The social security administration building in SF Chinatown is multilingual, with English, Spanish, Cantonese, Mandarin, Vietnamese and more.

A few days ago I saw someone from Singapore who just came to SF remark that they were not interested in SF Chinatown. If you grew up in a majority Chinese place like us, Chinese-ness is oppressive. Not under attack.

I felt the same. But after some time here, I learned about the incredible activism and progressive coalition building that happened here.

I don’t like pagodas and stone lions, but as a symbol against the encroaching financial district that always dreamed of taking over this place, erasing all immigrants? The energetic defense against the eviction of Filipino workers who lived in SROs back in the day.

That’s cool.

Early ‘AAPI’ activism was intersectional, and understood its role in the civil rights struggle.

Today’s rich SF / Peninsula / South Bay Chinese Americans who hate parks and love cars and hates poor and Black people are a disgrace.

Out of the 30 people here (including staff), there are around 10 people still wearing KN95 masks (including staff).

Most of the other folks are older folks, mainly ex refugees and I guess all of their children are locally born citizens.

They are all Americans now but still have strong culture and language and food ties (SF Chinatown also has exciting new restaurants that reflect new developments in Chinese food culture.. American kids taking over their parents restaurants like at 606, new immigrants coming here from HK to do ‘haute’ or very traditional things (like at Four Kings or Rice Roll Express)
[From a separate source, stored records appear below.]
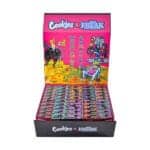 VAPETop Picks for Cookies X The Freak Brothers Dual-Chamber Disposable Vape Pens with Digital Screencookies x the freak brothers disposable pens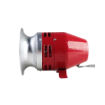 MS-390 Water & Dust Protected 110dB Emergency & Fire Single Electric Motor Siren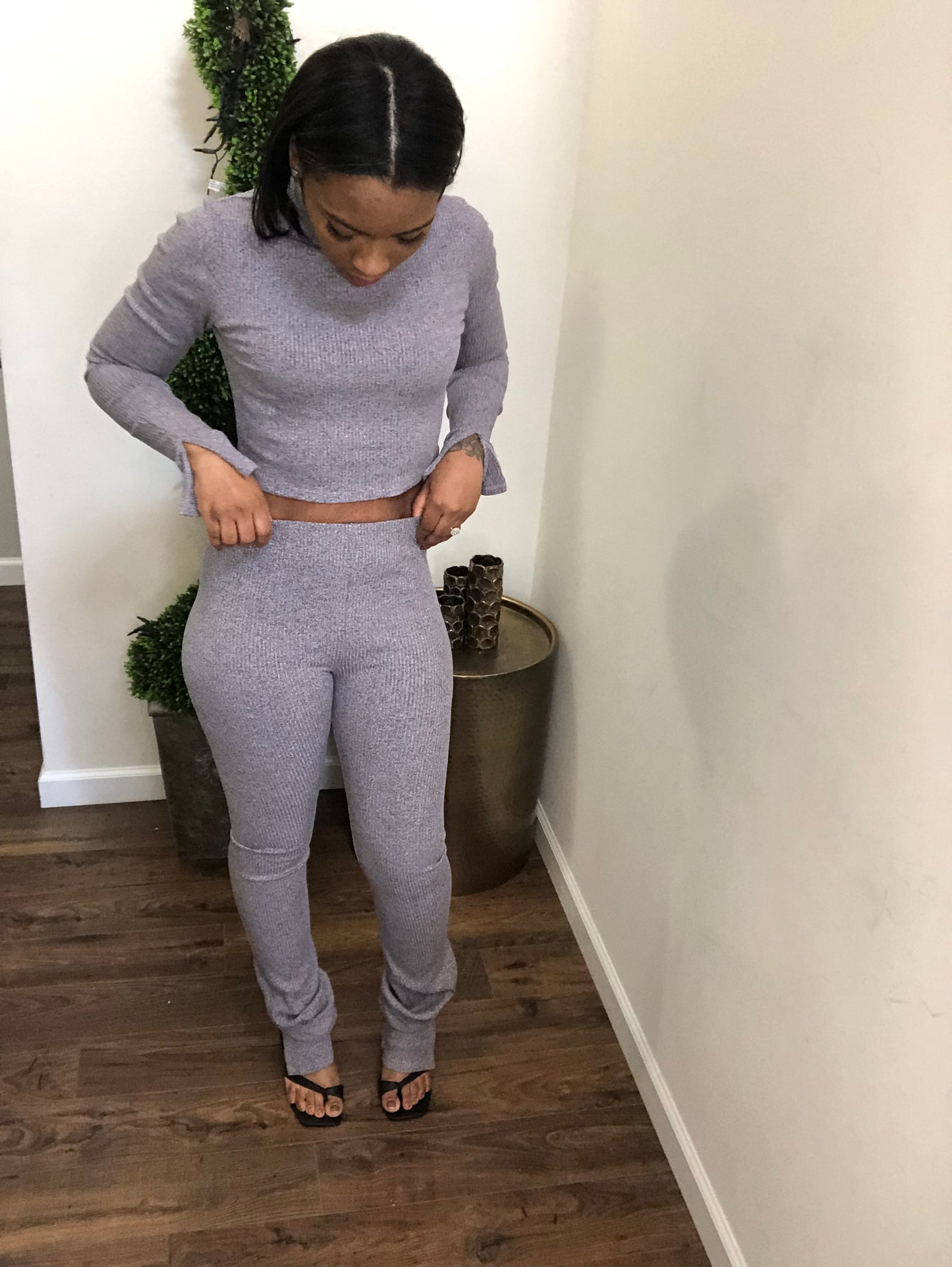 Gray Stack Set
The portraits of some extremely anti-immigrant politicians are on the walls. Every day, I read the news about how they want to tear all of this down. Up until very recently, those policies impacted my family in very visceral and painful ways, daily.
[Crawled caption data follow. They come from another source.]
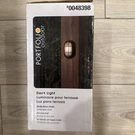 Portfolio Matte Black Wall Mount Outdoor Deck Light Weather Resistant. Fixed Price $25.00.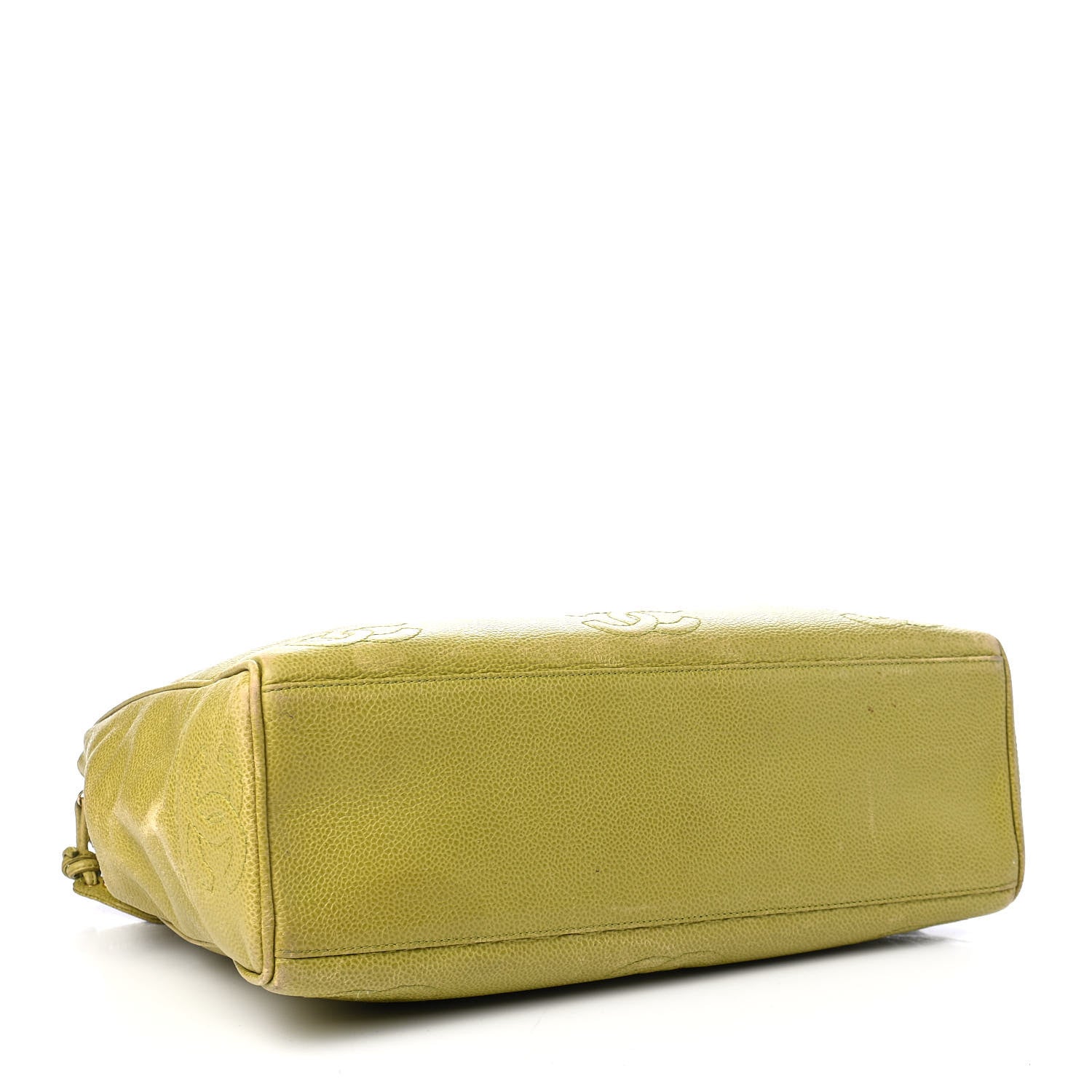 Chanel Caviar CC Shoulder Bag Green 4 of 15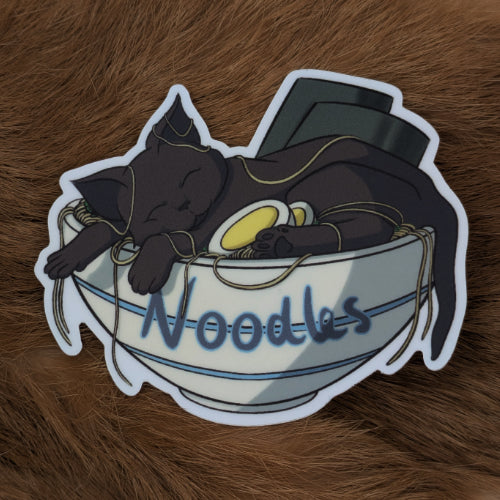 Sticker - Noodles in noodles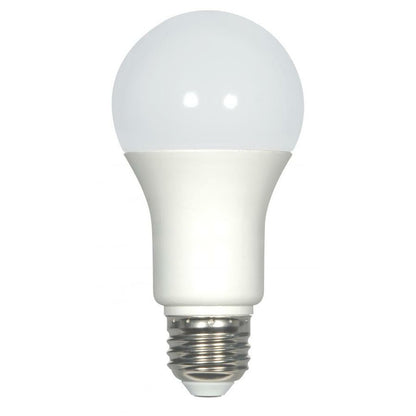 6 pack - Satco S29838 9.8W A19 Cool White LED Light Bulb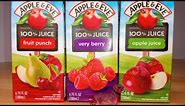 Unboxin Doxin - Apple And Eve 100% Juice 32 Pack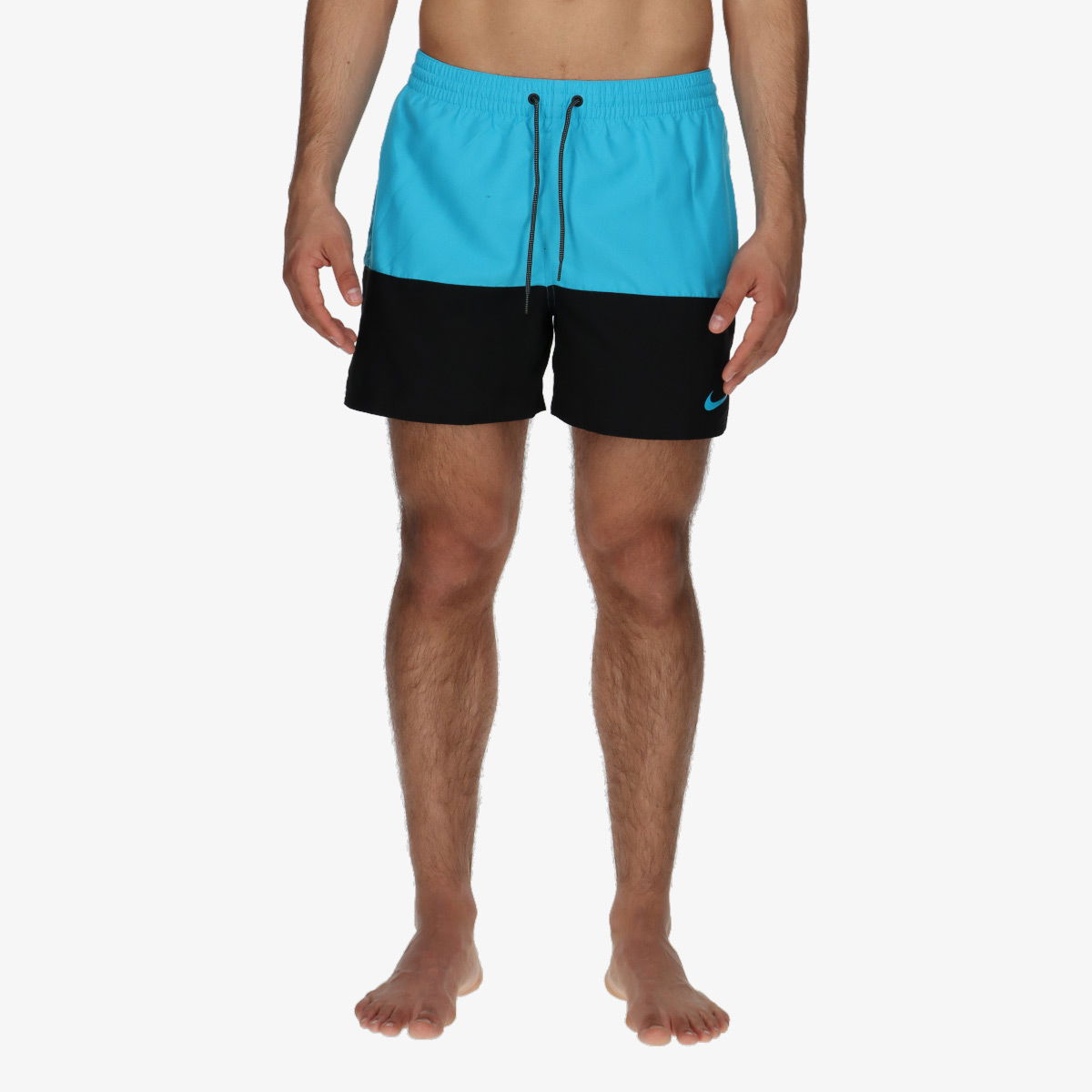 Бански Nike Colorblock Swim Trunks Синьо | NESSB451-480, 0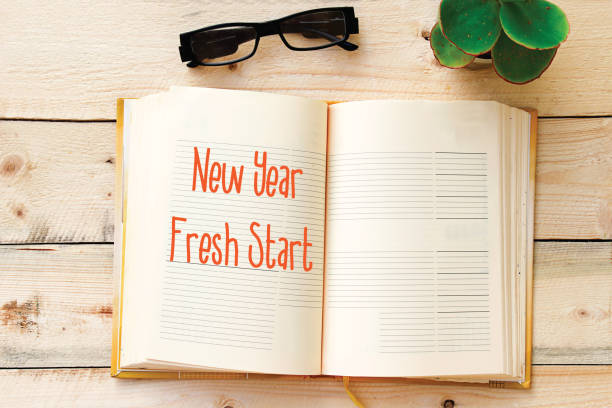 istock new year, fresh start on notebook on wooden table 1087854128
Learning about how early Chinese immigrants in California and Oregon were viciously attacked up and down the west coast, massacred, had their things taken, prevented from walking on the streets after sunset in nearby Antioch, prevented from buying property in many parts of the north and east bay, told they were diseased people who didn’t deserve the same rights as Europeans, even in death, helped me see that we think we live in a better, more enlightened time but we don’t.
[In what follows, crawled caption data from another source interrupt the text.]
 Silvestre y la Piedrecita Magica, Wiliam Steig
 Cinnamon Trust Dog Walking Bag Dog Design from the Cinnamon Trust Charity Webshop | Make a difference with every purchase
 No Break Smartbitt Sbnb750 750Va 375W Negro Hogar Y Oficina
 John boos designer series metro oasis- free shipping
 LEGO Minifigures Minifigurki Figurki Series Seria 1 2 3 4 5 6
It’s also taught me that I deserve to be here, and that I have more in common with a new immigrant family from Fuzhou or Taishan who still lives in a 8-to-one-room-in-Chinatown environment today, even if I have had many other privileges in comparison.

Without Wong Kim Ark, there would have been no birthright citizenship.

@skinnylatte

San Francisco Chinatown is one of my favorite places in the world.